Capítulo I: Ushuaia

El día 20 de diciembre de 2015 comenzó un viaje que me cambió por completo.

En realidad fue unos días antes de mi vigésimo séptimo cumpleaños, los primeros días de septiembre de 2015, cuando mi compa de vida durante los dos últimos años me comentó sobre su decisión de estar solo y partir a un viaje sin fecha de regreso.

No, mejor dicho, todo empezó él 4 de julio de 2012, cuando aterricé en Santiago de Chile.

O más bien en junio de 2010 cuando experimenté lo que era vivir en otro país de forma independiente y muy lejos de casa, esa vez me acogió la bella airosa, la ciudad de Pachuca (México), la más linda.

Aunque, si lo pienso bien, puede que todo se remonte a un martes 13 de septiembre, allá por el año 88 en Ituzaingó (Buenos Aires) a pocos días del estallido de la primavera. O incluso antes…

Lo cierto es que desde hace un año algo cambió. Cambió justamente la forma de entender de dónde vengo, dónde empieza todo. Si empiezo a hilar lo que me ha llevado hasta aquí y me agarro a ese hilo con las dos manos intentando buscar el inicio, ¡quizá hasta dónde llegaré!
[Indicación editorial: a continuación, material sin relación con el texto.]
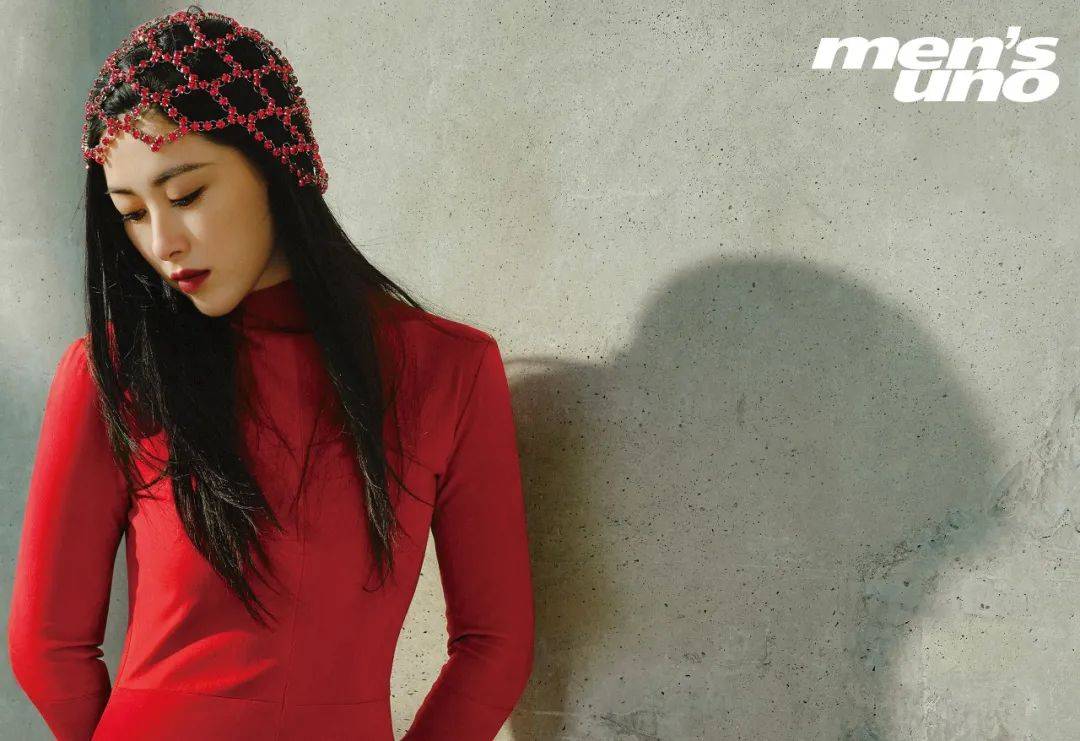 ���� ̽�����ģ����������İ��Լ�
Pero comenzaré por los primeros pasos que me llevaron a intentar desenredar ‘algo’. Eso que no tenía nombre entonces y que tampoco lo tiene ahora, pero que poco a poco empieza a rodearse de nuevas preguntas, respuestas diferentes, claridad de a ratos así como nubes negras por momentos. Así que tomaré ese hilo a partir del 20 de diciembre de 2015 cuando con una mochila monstruosa y una maleta de mano me subí al Centropuerto de Santiago algo ebria para llegar al Aeropuerto y volar rumbo al Fin del Mundo. Fue un proceso intenso el que me llevó a este punto: separarme de la persona que más quería; dejar el hogar construido, las amistades, el trabajo, la ciudad que me acogió por más de 3 años; venderlo todo o casi todo. Pero al fin creí estar con lo justo y necesario.

Subí a ese bus camino al aeropuerto cargada de amor, mucho miedo, algo de angustia y la dosis exacta de adrenalina y mucho sueño. Eso hizo que después de unas lágrimas cayera en un profundo sueño. Dormí en el bus al aeropuerto. También durante el vuelo a Buenos Aires donde hacía escala y…¡No! El vuelo hasta Ushuaia lo hice con los ojos bien abiertos. Qué paisaje tan espectacular…Menos mal que ya había dormido lo suficiente.

Mis recuerdos de Ushuaia estaban basados en las fotos que mis padres me mostraron ya hace años de aquella tierra lejana a la que se escaparon de vacaciones. Recordaba el blanco de los glaciares y el azul del cielo. Tanto me impactó que acabé haciendo un monográfico en el colegio sobre su flora y fauna.  Más tarde, en Santiago, conocí a la que se convirtió en una gran amiga y, ¿adivinan? Era de Ushuaia. Es por eso que llegué a esta ciudad invitada a pasar las fiestas con ella y su familia.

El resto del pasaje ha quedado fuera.